China's goths react to woman being forced to remove her make-up on subway


TextMonique May Munroe

Weibo users have come together to post a selfie in support of a woman who was discriminated against for wearing gothic make-up

Self-identifying Goths in China united yesterday after news emerged that a woman was prevented from boarding her local subway until she removed her gothic make-up. The woman who shared her story using a pseudonym, took to popular Chinese social media platform Weibo to share the prejudice she encountered. As reported by Sina News, the woman explained “a female security guard called her manager and said that my make-up was ‘problematic’ and ‘really horrible’. Before telling me to remove it if I wanted to get on the subway. As a Chinese citizen, I’m hoping to use this relatively public platform to challenge the authorities: What laws grant you the right to stop me and waste my time?”

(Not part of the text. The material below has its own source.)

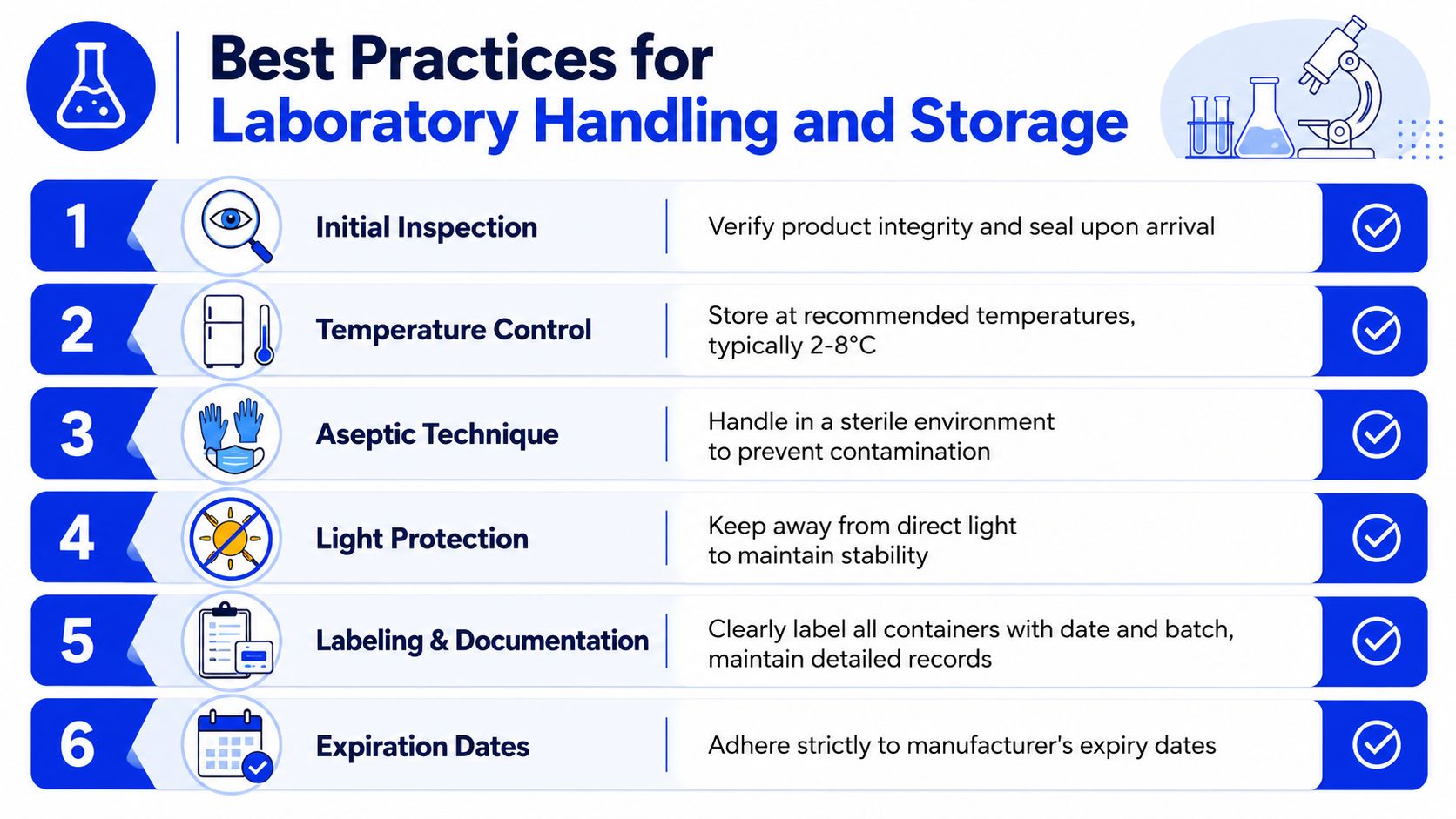 An infographic detailing six essential best practices for laboratory handling and storage of sensitive products.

What she may have not been expecting however was the response and support of thousands of Weibo users  - goths, allies, and make-up lovers alike - who took to social media with a selfie, accompanied by the hashtag: #ASelfieForTheGuangzhouMetro. Ranging from radical goth looks, created with dark eyeshadow and deep lips, to surrealist, otherworldly faces, using glitter, stickers, and paint, the selfies showed the many personalities and faces of gothic artistry.

“I’m sorry people of Guangzhou, sometimes I go out like this,” posted Weibo user Haruko Ekov. Another Weibo user Jiolaa added: “What you see as fancy dress, I see as freedom”. In reaction to the movement, Guangzhou subway, where the incident occurred, has issued a formal apology and has even suspended the offending security officer, according to China Daily.

The incident is a testament to the unifying power of social media and highlights the importance make-up as a means of creative expression that should not be policed.